Activity: Copy the listing that follows exactly. Its pictures do not belong in the copy.

Given information:

********************

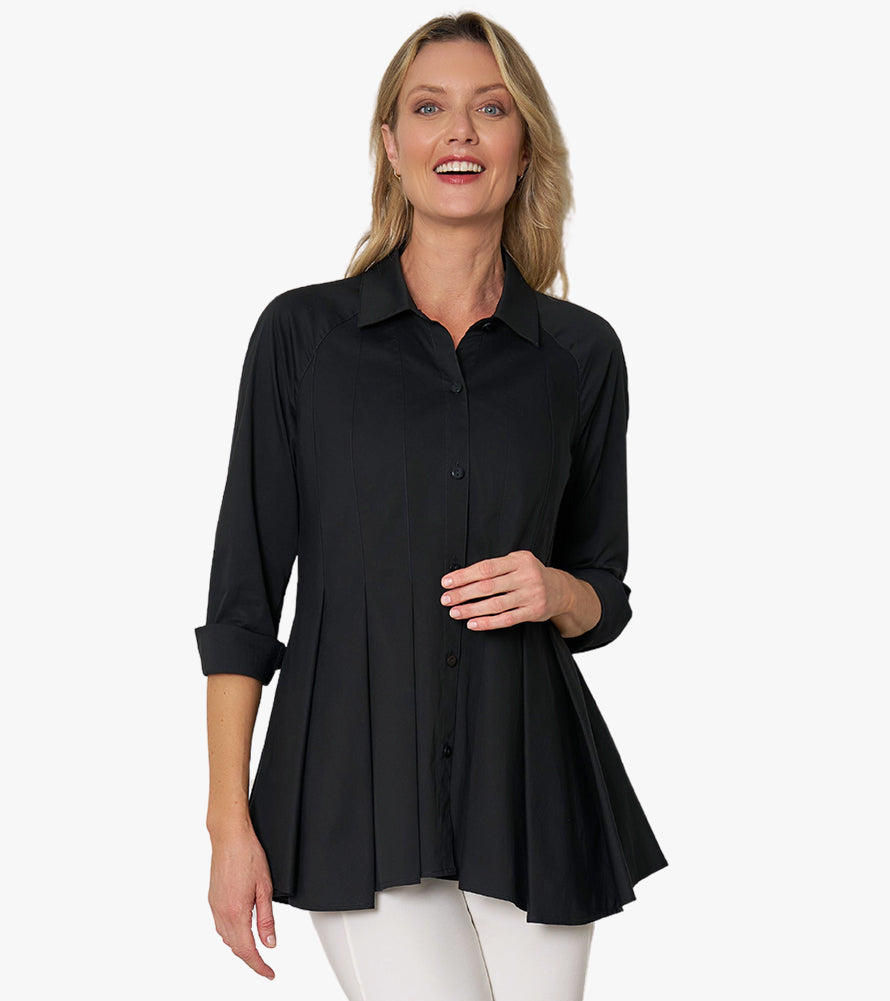 Showstopper Shirt - Stella Carakasi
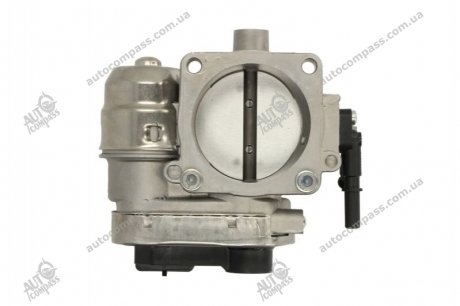 Патрубок дроссельной заслонки Magneti Marelli 802001985303 (фото 1)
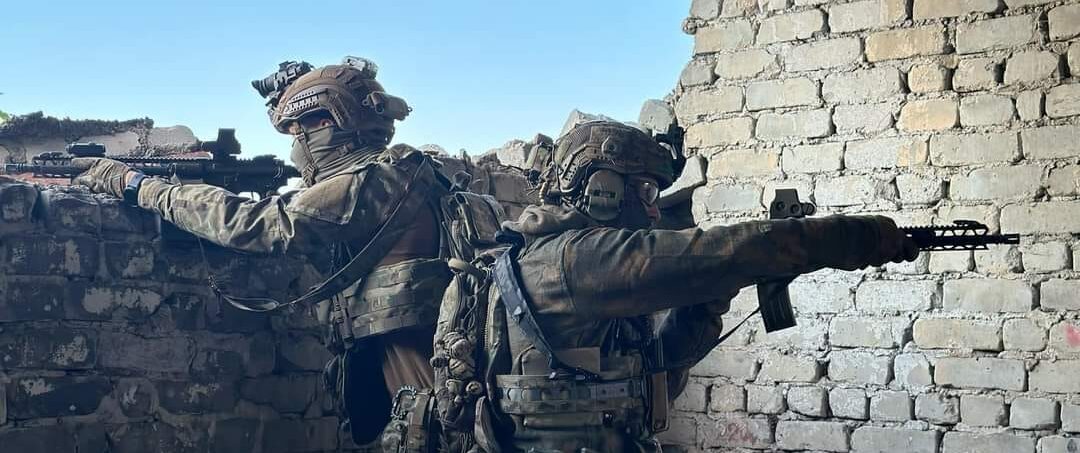 Втрати ворога: оборонці ліквідували ще понад тисячу російських вояків і десятки одиниць ворожої техніки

********************

Response:
 Showstopper Shirt - Stella Carakasi
 Патрубок дроссельной заслонки Magneti Marelli 802001985303 (фото 1)
 Втрати ворога: оборонці ліквідували ще понад тисячу російських вояків і десятки одиниць ворожої техніки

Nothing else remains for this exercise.